The only person who I can truely say was open to ideas, listened, watched and took time out to come ride on the diesels was Craig Barrie (I have great respect for him). His early Cigarette diesel projcts with Merlins were not what he hoped for. He was so impressed by us that there was a deal to do Hawk Diesel power in the early 90's. Many factors killed it but none of them were the product itself or the performance. I still have the letter from Hawk sealed and post marked, they faxed me a copy before hand so I never open the orginal and today I have the sealed one for sake of "what could have been".
As for throttleing despite was T2X says with the old mechanical diesels there was alot of throttling. Not the kind you did with gas but throttleing to keep boost up. I can see your point with electronics that throttleing could all but disapppear? But if you try to throttle a diesel boat like a gas boat nothing happens except you loose boost and it falls on it's face.

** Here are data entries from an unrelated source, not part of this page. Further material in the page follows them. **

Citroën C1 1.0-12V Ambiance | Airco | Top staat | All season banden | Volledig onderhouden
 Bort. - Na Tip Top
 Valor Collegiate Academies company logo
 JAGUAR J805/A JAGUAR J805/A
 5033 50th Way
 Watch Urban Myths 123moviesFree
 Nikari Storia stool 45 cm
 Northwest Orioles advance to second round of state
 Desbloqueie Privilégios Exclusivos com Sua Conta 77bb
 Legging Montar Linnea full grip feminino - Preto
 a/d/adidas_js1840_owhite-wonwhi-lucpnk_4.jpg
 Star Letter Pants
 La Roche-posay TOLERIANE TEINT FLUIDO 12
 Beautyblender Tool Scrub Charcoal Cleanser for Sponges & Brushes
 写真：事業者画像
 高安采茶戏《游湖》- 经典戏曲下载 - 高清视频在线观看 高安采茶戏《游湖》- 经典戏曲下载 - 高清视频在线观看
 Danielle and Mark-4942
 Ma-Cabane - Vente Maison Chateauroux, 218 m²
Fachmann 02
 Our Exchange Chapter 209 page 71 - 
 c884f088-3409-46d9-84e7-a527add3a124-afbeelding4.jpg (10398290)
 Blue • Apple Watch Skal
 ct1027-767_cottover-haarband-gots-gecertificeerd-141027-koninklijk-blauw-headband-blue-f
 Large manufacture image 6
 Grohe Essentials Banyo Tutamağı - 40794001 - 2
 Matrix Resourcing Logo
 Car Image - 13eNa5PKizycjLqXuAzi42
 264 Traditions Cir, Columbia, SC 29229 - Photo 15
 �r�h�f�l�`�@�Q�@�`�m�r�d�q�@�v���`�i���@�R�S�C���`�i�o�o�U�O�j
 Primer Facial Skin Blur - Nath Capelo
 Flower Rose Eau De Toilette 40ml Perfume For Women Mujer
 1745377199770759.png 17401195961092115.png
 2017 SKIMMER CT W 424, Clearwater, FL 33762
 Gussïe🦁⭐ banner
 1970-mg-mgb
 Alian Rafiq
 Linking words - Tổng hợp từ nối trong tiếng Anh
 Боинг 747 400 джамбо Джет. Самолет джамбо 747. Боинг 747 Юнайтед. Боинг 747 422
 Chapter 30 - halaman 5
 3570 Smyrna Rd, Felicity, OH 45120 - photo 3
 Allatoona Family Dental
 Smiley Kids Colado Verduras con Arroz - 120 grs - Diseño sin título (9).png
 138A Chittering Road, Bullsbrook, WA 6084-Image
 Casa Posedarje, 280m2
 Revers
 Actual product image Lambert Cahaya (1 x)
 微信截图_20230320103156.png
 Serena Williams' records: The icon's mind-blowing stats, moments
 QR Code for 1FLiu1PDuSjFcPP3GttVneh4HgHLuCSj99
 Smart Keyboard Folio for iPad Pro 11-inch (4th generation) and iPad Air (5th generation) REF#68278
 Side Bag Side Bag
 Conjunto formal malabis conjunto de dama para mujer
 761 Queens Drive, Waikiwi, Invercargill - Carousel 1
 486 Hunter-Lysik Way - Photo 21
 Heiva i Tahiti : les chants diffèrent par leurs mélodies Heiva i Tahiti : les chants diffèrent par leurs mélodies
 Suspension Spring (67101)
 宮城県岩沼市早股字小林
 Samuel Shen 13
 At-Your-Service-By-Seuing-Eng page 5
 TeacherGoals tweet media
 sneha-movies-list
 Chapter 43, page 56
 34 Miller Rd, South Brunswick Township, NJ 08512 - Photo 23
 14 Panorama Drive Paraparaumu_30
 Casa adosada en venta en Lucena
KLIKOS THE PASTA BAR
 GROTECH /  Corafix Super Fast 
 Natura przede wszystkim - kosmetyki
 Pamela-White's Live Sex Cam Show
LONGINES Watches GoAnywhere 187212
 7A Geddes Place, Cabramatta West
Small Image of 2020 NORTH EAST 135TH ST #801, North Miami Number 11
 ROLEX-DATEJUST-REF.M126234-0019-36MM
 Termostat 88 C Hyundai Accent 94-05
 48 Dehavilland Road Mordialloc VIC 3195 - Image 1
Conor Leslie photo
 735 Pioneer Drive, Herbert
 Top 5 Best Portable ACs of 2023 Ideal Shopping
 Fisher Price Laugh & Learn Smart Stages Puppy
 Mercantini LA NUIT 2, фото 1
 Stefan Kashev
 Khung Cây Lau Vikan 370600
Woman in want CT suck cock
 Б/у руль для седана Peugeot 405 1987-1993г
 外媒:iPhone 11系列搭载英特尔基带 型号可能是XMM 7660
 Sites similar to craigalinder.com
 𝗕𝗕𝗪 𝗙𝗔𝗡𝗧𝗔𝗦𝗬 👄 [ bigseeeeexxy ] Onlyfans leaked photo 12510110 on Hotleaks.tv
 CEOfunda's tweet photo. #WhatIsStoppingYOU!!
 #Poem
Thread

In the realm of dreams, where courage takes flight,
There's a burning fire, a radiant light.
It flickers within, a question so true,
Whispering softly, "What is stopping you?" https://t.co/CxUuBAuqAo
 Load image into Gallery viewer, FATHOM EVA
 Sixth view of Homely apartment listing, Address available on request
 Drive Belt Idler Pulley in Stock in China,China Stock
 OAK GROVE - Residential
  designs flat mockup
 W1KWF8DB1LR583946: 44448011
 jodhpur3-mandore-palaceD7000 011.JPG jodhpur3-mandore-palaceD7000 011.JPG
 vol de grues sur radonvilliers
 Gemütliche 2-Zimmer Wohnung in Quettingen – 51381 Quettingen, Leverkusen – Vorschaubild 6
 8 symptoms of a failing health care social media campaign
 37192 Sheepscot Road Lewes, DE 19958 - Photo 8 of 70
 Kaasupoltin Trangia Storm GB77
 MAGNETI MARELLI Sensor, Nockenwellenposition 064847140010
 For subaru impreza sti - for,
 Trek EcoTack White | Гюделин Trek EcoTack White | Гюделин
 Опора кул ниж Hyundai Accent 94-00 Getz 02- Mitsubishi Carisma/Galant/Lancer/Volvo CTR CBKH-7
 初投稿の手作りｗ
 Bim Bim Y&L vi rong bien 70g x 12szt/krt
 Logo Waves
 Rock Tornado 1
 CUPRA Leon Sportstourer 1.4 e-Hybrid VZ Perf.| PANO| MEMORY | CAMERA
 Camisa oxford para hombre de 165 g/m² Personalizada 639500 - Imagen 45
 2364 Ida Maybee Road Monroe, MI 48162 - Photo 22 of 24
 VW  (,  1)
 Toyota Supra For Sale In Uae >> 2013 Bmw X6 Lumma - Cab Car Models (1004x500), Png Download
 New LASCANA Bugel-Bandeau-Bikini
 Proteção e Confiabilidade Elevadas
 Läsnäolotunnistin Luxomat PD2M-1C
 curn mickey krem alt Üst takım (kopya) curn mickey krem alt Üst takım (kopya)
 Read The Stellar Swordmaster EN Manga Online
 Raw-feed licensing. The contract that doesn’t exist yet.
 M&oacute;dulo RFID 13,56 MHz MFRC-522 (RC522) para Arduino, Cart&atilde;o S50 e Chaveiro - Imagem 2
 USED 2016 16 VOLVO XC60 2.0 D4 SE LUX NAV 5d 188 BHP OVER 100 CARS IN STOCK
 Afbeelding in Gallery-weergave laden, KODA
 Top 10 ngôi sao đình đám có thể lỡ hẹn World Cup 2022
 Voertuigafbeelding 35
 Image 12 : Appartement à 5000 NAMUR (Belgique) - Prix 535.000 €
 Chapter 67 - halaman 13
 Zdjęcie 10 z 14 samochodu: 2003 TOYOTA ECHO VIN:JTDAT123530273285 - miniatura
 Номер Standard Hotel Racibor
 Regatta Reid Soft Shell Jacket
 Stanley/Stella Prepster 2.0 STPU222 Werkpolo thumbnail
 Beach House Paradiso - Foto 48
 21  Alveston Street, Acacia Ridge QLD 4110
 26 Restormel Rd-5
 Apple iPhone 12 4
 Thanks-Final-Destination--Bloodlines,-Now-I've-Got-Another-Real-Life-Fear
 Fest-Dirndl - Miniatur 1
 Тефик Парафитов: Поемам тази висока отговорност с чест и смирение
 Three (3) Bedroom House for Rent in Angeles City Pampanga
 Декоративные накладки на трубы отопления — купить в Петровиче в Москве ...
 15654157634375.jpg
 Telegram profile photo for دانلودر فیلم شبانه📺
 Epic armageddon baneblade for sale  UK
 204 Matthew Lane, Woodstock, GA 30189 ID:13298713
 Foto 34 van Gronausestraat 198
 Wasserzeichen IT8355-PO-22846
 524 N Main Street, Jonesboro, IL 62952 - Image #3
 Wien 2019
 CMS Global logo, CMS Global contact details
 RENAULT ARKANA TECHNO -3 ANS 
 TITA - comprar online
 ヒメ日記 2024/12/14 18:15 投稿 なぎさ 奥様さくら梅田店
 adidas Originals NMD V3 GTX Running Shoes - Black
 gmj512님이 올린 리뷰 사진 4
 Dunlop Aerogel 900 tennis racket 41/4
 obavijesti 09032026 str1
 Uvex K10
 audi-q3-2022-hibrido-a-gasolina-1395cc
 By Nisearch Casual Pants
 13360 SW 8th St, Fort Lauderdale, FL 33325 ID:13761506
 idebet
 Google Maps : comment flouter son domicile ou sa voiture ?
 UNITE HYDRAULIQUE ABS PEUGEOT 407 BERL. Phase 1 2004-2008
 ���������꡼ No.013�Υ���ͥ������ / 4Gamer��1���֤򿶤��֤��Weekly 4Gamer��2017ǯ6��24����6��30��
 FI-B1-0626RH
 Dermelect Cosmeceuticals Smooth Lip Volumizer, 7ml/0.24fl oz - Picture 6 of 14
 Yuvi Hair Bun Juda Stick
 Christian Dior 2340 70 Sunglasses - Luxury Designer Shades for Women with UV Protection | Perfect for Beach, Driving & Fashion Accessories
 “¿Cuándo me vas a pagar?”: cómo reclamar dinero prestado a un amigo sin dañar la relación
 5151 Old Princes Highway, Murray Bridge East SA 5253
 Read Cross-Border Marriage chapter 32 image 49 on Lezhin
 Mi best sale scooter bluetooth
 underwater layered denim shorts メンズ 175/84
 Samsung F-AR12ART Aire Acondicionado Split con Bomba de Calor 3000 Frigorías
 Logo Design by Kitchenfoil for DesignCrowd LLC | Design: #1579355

Everyone on here that was around in the late 80's and early 90's remembers the Buzzi boats running in Key West and AC in really rough water. Did they not blast by the American gas powered boats in the rough? If diesels weren't good in the rough that would ahve never happened. Again, there is a trick to running them and you got to get gasoline engines out of the brain to do it, what don't know does electronics make this impossible?
Getting on plane, I would have thought the electronics would have made that much better than the mechanicals as we used to be able to load them with so much fuel that they would just bog down, start smoking like it was on fire and drop to idle.
Don, anytime is good today or tomorrow or at night before 11 pm.
Joe Gere
As to the throttling, that's exact.
As to getting on plane..taking that few seconds to have the computor react is what bothered me.
You just need to build a boat or get someone who has endless funds/money so you can work you're magic.
#20
Registered
28 apache with twin diesels. I'll bet you it worked just fine. Lots to be said about florida builders.